# Locations near Alb, New Mexico



## mwookie (Mar 4, 2006)

Anyone know some good locations in and around Albuquerque?

I have this park that I have taken 85% of my location shots at for ever. It is pretty nice and has River access for nice scenery. But.... I am ready for a change! 

Thanks!


----------



## Jeepnut28 (Mar 6, 2006)

Bosque

Petroglyphs

Volcanoes

Hike up the La Luz trail for great city view photos

Visit the new Tingley Beach

Rio Puerco Bridge

Wander around Nob Hill

Visit the Sandia Man Caves

Visit the town of Bernalillo 

Corrales has some old and unique buildings


----------



## digital flower (Mar 6, 2006)

Try Santa Fe and/or Taos. They are a bit of a drive from Alb, but worth it.


----------



## Soocom1 (Mar 7, 2006)

Do not forget to go West...Really West... 
Laguns, McCarthy's, Grants, Rahmah.

Go South to the Gila Wilderness. (Day trip).

North to the Jemez. If you dont want to go that far, go out on Southern Blvd. in Rio Rancho to the dunes. Or just before you get to the dunes, head North to the area that will be developed in the next few years and get some shots of cactus. 

Even Montonio rd. on a Sunday Afternoon along the walk near the river is good. 
Or for that matter, go into the Bosque. I have tonnes of shots of ducks, geese, hawks, aswell as some fantastic pictures of trees.


----------



## Jeepnut28 (Mar 7, 2006)

this thread makes me wonder how many people we have here from Albuquerque......
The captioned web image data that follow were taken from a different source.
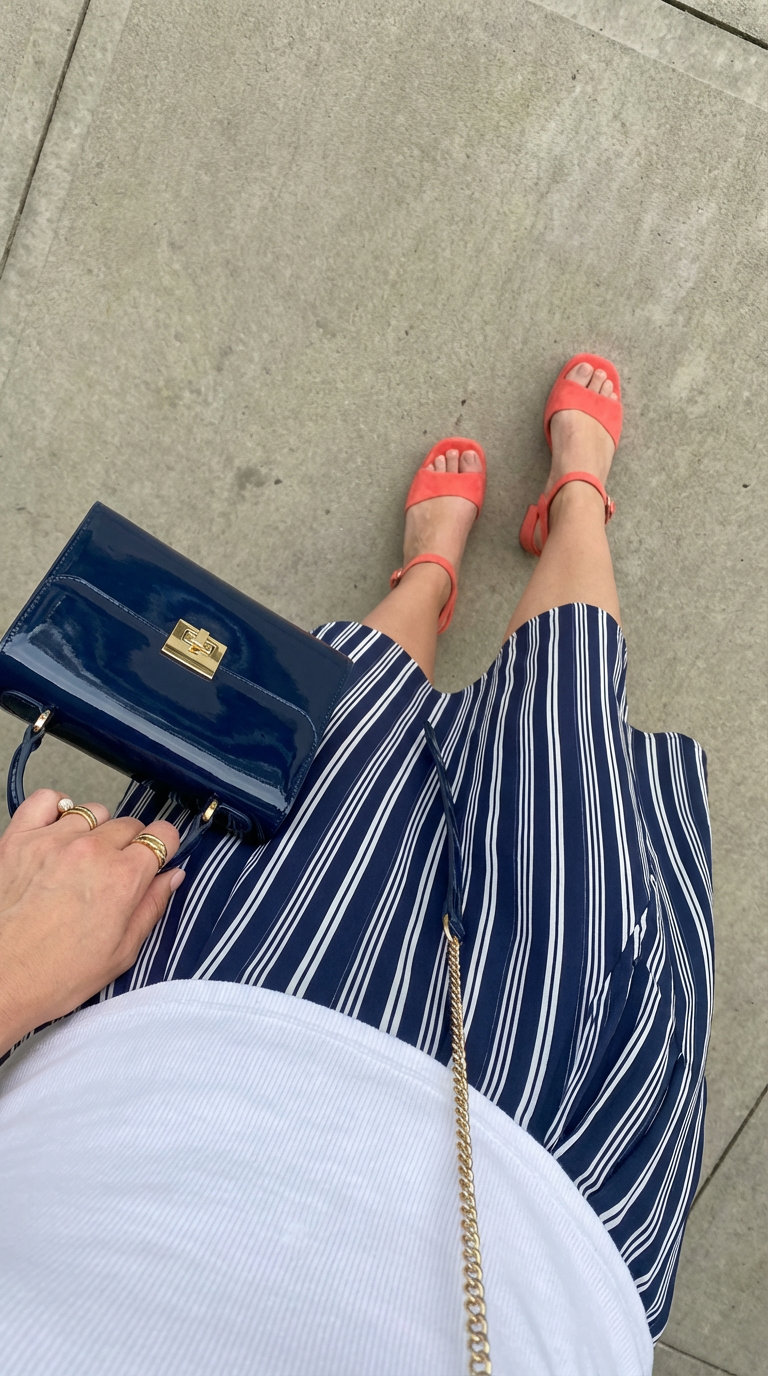Chic Preppy Summer Outfits for Evening 2024 Chic preppy summer outfit featuring a navy and white striped midi skirt, white ribbed top, coral sandals, and a navy patent mini bag for a sophisticated evening.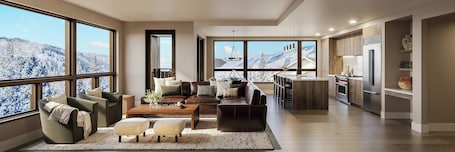 A modern living room with a sofa, coffee table, and ottoman, a kitchen with a refrigerator and oven, and large windows with a snowy mountain view.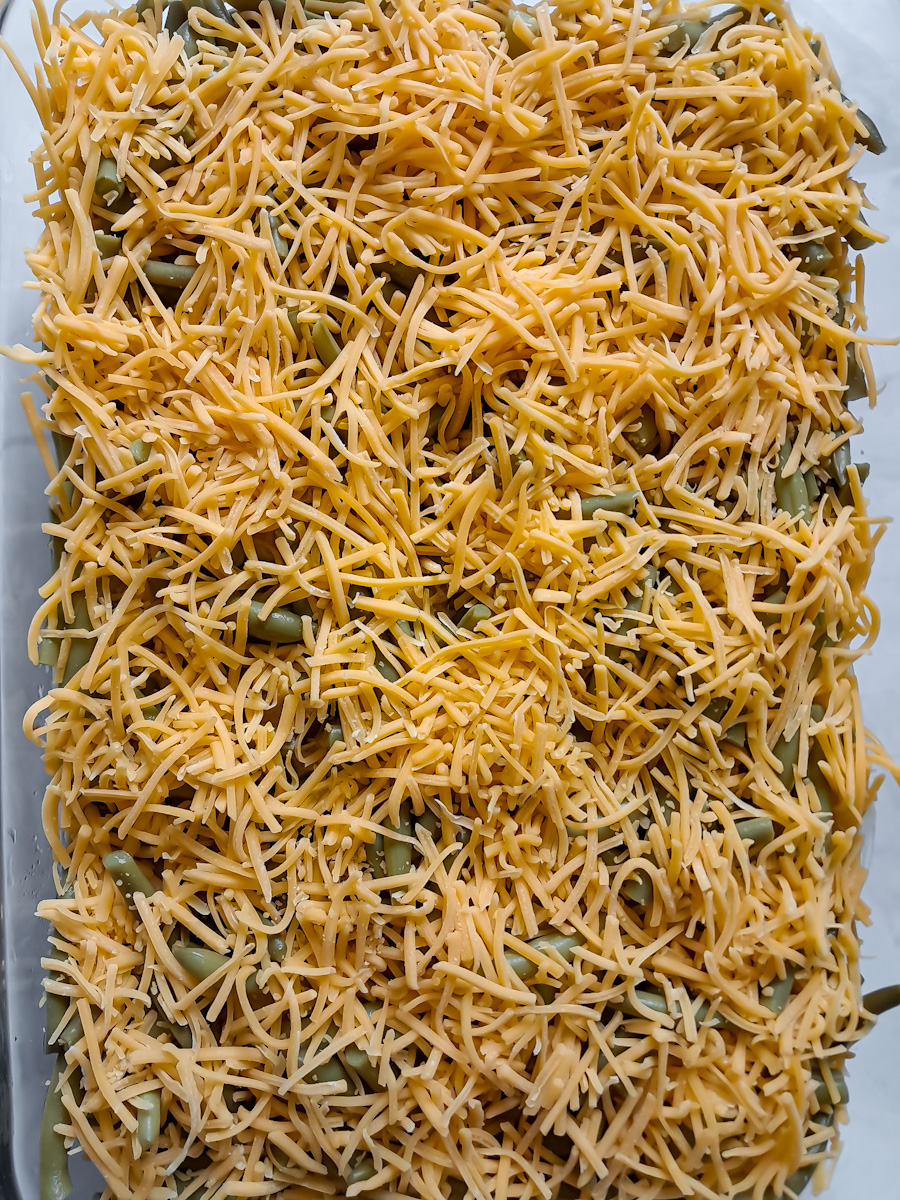 shredded cheese is spread over the top of the beef, cream soups, and green beans.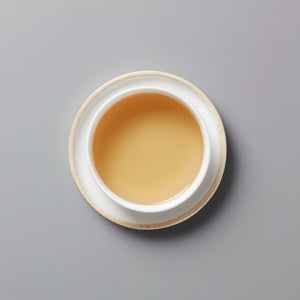 LINS DUCK dancong oolong tea in white ceramic cup with golden amber liquid against grey background
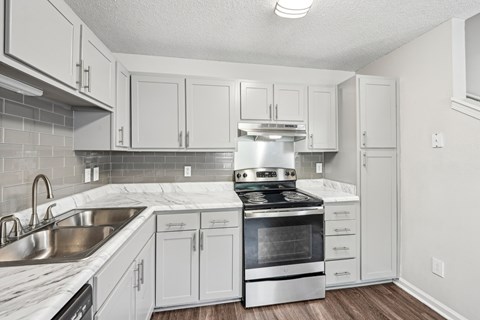 A kitchen with white cabinets and a stainless steel oven.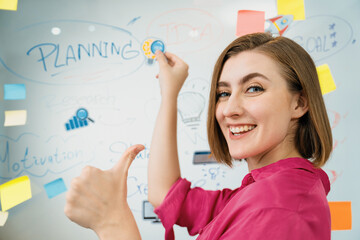 Young beautiful businesswoman putting thumb up while finding a solution to solve financial problems by using mind map and colorful sticky note. Creative business concept. Closeup. Immaculate.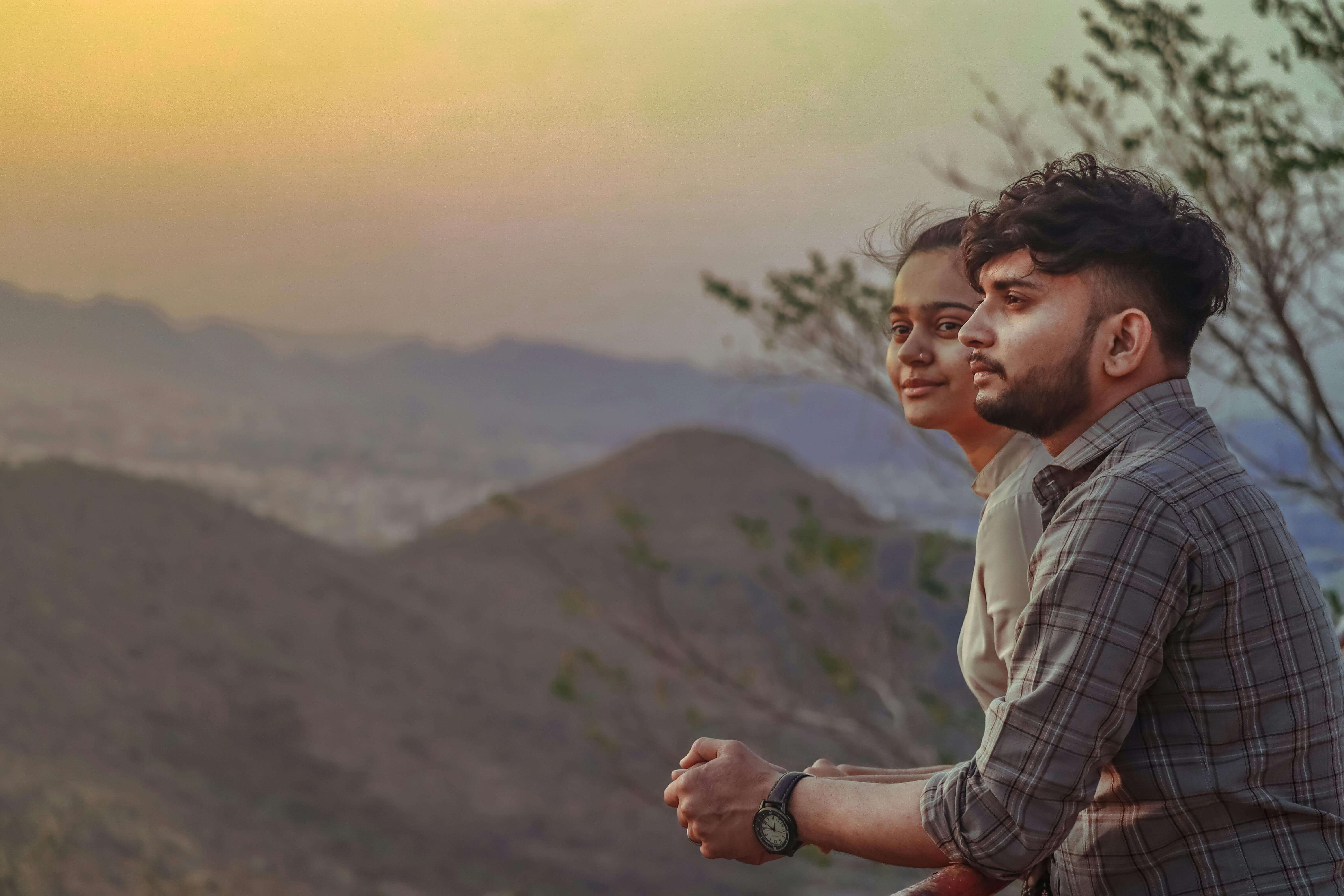 A couple enjoys a serene mountain view during sunset, creating a peaceful moment in nature.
speaking of the dunes in Rio Rancho.....this is where this shot was taken:

http://www.photo.net/photodb/photo?photo_id=2191597


----------



## Soocom1 (Mar 8, 2006)

Keep in mind that I am an Alb. Native, born and raised on the west side. Now because of the current Emporer, I live very west of town.


----------



## mwookie (Apr 10, 2006)

Jeepnut28 said:
			
		

> Bosque
> 
> Petroglyphs
> 
> ...


 
Thanks everyone for all the help! I am going to try out some of these places. Most of my pictures are engagement or family portraits. I want to get some architecture in there instead of the old "Sandia's in the background" shots (which I love, but I want mroe options). I think I am going to schedule one at Old Town or maybe somewhere in Corrales. For anyone that is looking I know where there is a great Sand beach on the Bosque, excellent for pictures. You can get to it from the River's Edge Park in Rio Rancho.


----------